WHAT IS NEEDED: Retype exactly the lines from the one that contains "Veículo de Sucata" through the final line of the material below, and add nothing else.

DATASET EXTRACT:
★ ★ ★

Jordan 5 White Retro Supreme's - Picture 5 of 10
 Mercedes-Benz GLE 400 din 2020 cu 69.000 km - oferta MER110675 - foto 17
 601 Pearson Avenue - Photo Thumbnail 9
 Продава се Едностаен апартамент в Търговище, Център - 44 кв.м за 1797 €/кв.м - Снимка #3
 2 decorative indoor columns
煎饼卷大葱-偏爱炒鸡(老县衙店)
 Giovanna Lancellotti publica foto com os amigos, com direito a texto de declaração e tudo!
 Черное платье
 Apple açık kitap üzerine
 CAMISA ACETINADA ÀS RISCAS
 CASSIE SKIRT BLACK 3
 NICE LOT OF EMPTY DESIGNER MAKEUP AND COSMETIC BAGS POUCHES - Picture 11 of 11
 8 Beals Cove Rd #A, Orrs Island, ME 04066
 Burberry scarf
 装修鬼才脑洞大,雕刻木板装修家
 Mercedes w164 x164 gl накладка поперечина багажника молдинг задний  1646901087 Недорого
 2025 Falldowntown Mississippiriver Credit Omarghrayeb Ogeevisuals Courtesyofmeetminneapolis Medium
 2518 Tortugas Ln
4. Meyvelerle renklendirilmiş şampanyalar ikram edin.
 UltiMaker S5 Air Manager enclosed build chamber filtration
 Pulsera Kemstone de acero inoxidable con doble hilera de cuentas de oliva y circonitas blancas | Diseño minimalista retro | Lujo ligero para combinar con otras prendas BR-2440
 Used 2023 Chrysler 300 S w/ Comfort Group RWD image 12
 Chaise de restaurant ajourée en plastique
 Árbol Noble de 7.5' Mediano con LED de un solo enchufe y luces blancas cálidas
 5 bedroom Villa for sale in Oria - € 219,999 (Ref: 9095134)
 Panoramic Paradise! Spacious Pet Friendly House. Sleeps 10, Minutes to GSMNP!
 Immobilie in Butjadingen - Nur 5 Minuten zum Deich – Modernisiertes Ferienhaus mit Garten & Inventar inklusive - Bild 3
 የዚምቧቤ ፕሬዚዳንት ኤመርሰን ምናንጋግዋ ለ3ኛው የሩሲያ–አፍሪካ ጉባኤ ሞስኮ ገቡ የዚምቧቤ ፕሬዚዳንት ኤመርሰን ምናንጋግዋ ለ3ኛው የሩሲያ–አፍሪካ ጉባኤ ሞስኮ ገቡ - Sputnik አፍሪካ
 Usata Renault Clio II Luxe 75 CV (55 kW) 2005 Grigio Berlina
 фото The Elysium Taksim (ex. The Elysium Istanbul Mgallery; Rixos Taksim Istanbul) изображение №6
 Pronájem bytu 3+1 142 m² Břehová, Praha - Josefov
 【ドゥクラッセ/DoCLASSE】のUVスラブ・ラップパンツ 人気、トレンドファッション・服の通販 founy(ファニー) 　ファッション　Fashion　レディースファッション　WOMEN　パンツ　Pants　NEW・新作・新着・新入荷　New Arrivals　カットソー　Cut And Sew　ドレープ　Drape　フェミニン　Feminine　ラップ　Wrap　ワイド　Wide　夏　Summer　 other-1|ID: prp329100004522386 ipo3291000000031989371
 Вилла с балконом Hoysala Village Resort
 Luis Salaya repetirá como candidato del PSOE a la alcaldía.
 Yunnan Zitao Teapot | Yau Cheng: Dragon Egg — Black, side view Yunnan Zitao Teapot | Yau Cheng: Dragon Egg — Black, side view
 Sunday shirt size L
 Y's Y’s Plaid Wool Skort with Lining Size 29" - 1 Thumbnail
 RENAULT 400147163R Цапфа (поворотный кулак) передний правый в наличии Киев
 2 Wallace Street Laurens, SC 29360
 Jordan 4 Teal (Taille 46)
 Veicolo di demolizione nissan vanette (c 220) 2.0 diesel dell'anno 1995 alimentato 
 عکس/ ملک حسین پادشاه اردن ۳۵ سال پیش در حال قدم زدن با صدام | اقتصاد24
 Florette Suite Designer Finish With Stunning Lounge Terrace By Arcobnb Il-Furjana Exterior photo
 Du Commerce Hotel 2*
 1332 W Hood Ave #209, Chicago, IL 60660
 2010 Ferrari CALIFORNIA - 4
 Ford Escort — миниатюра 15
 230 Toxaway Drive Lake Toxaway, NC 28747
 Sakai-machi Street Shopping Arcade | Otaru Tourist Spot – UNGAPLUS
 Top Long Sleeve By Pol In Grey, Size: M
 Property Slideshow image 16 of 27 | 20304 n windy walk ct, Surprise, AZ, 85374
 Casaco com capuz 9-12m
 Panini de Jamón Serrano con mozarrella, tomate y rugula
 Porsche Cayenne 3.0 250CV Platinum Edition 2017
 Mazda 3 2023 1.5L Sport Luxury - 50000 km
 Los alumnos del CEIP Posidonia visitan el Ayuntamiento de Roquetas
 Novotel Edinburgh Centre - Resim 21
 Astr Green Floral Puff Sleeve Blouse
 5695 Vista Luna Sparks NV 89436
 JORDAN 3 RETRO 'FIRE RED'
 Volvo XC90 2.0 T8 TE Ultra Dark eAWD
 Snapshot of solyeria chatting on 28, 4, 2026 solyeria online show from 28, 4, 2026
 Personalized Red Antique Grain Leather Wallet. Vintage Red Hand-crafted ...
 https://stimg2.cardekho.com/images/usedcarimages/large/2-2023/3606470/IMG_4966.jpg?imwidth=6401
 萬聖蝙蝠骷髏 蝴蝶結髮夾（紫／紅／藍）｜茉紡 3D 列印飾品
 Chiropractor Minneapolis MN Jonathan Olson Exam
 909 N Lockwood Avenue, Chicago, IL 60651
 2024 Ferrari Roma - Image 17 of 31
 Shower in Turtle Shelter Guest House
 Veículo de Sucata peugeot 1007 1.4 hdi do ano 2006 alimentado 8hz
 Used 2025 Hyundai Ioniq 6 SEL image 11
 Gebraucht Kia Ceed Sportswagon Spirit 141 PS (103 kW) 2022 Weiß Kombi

★ ★ ★

REPLY:
 Veículo de Sucata peugeot 1007 1.4 hdi do ano 2006 alimentado 8hz
 Used 2025 Hyundai Ioniq 6 SEL image 11
 Gebraucht Kia Ceed Sportswagon Spirit 141 PS (103 kW) 2022 Weiß Kombi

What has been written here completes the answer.